Copper gained after commodities group Glencore announced plans to shut down loss-making mines to help to reduce a glut of supply that has weighed on prices.
Bearish investors scrambled to close out positions by buying futures, but analysts said it was uncertain whether Glencore’s move to close some African copper operations for 18 months would create a trend.
“It’s probably not enough to see prices go up (substantially), but it certainly supports the market,” said Grant Sporre, head of metals research at Deutsche Bank in London. “It also ensures that copper is probably not going to fall in the same way that iron ore and met (metallurgical) coal have done.”
Sporre had forecast a global copper supply/demand surplus of 350,000 tonnes for next year and said that Glencore’s move would bring the market close to balance, given that it is expected to remove 300,000 tonnes in 2016.

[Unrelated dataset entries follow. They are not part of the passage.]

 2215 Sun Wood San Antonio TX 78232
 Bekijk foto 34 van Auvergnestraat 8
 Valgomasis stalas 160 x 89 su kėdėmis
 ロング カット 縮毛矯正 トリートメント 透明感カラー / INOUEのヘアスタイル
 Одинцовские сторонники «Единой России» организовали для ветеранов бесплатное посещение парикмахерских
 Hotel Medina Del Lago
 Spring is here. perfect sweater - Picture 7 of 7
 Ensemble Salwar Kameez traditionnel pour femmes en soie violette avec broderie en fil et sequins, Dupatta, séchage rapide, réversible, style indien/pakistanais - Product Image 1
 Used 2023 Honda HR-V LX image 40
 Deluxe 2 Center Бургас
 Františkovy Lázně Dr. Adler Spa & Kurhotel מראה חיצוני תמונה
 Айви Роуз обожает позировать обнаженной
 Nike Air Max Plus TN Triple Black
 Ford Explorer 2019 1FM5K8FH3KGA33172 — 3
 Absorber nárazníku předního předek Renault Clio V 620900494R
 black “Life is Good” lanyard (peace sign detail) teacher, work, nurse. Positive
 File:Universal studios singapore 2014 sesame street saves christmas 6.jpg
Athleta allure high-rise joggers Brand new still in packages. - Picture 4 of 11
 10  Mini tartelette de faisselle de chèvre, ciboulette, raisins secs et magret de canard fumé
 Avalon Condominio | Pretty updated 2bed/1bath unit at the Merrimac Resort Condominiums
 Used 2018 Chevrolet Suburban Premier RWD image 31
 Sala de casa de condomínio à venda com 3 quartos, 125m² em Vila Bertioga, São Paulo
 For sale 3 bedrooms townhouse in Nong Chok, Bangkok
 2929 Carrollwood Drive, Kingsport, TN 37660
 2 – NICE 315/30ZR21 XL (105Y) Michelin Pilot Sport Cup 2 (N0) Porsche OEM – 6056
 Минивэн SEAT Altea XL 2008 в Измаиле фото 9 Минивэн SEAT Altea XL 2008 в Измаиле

Glencore’s mine closures, which were due to remove 400,000 tonnes of copper cathode from the market over 18 months, were part of a wider initiative that included the suspension of dividends, asset sales and a $US2.5 billion share issue as it seeks to cut debt.
Three-month copper on the London Metal Exchange failed to trade in closing open outcry activity amid thin volumes, with US markets closed for the Labor Day holiday.
Copper was last bid at $US5148 a tonne, up 0.6 per cent from Friday’s close.
There have been signs of a pick-up in copper demand from mainland China, UBS analyst Dan Morgan said.